--- GIVEN RECORDS Enclosed Below ---

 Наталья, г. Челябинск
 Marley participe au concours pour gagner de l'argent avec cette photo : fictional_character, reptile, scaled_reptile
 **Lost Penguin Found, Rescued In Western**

--- End of Enclosed GIVEN RECORDS ---
--- GIVEN RECORDS Enclosed Below ---

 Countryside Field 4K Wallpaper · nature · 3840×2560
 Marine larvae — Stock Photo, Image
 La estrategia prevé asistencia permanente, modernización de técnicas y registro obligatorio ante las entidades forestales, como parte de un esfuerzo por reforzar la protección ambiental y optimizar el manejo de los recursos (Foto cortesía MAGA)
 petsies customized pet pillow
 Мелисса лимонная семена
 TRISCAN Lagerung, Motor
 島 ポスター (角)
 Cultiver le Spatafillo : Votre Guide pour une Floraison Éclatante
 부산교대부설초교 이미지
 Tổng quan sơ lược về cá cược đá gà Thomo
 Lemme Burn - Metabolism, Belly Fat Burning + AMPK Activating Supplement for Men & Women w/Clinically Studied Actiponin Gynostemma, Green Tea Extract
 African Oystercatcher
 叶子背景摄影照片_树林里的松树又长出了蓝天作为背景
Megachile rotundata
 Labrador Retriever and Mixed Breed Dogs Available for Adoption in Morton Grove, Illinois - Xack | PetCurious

--- End of Enclosed GIVEN RECORDS ---

DIRECTIONS FOR THIS TASK
Please give an exact copy of the entries above, from the line with "petsies customized pet pillow" down to the line with "Labrador Retriever and", inclusive, and nothing else.

ANSWER SPACE
 petsies customized pet pillow
 Мелисса лимонная семена
 TRISCAN Lagerung, Motor
 島 ポスター (角)
 Cultiver le Spatafillo : Votre Guide pour une Floraison Éclatante
 부산교대부설초교 이미지
 Tổng quan sơ lược về cá cược đá gà Thomo
 Lemme Burn - Metabolism, Belly Fat Burning + AMPK Activating Supplement for Men & Women w/Clinically Studied Actiponin Gynostemma, Green Tea Extract
 African Oystercatcher
 叶子背景摄影照片_树林里的松树又长出了蓝天作为背景
Megachile rotundata
 Labrador Retriever and Mixed Breed Dogs Available for Adoption in Morton Grove, Illinois - Xack | PetCurious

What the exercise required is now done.